Here’s our notes from the show:

Caylus

Today we’re looking at a now classic boardgame in what is known as the “worker placement” genre. No, you will not be running a real temporary labour service out of your home with a boardgame publisher taking a cut of your earnings. In a worker placement game you put those lazy little wooden meeple, or sometimes their cardboard relatives, to work. Hard work. Often performing grueling tasks in historical settings which reminds you that there is no way you would want to be doing this stuff yourself in real life. These games allow you to exercise your inner bureaucrat without actually yelling at anyone or breaking a sweat. Today we’ll talk about Caylus.

Caylus Board

Game Backstory

  • “1289. To strengthen the borders of the Kingdom of France, King Philip the Fair decided to have a new castle built. For the time being, Caylus is but a humble village, but soon, workers and craftsmen will be flocking by the cartload, attracted by the great prospects. Around the building site, a city is slowly rising up…”

Goal of the game

  • Each player is a master builder. By building the castle and city you earn prestige with the king. When the castle is completed at the end of the game the builder with the most prestige wins.

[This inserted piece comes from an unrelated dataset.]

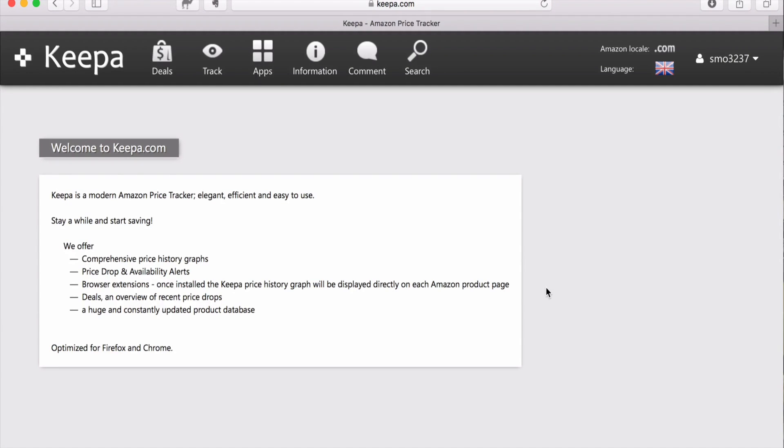Today I want to give you a brief walkthrough and introduction to Keepa.com. I want to tell you what Keepa is, give you a good understanding of what the graphs mean, how to read it, and maybe even some more tips.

This game has two main areas that players focus on.

1) The City

This is the winding road down the game board. There are a few places already established that builders can rely on, as well as a bunch of blank spaces along the road that builders will work on throughout the game.

The City is where you acquire resources (food, wood, stone, cloth, gold), money (denier), or build new buildings. The new buildings then give you more of the above as well as prestige points.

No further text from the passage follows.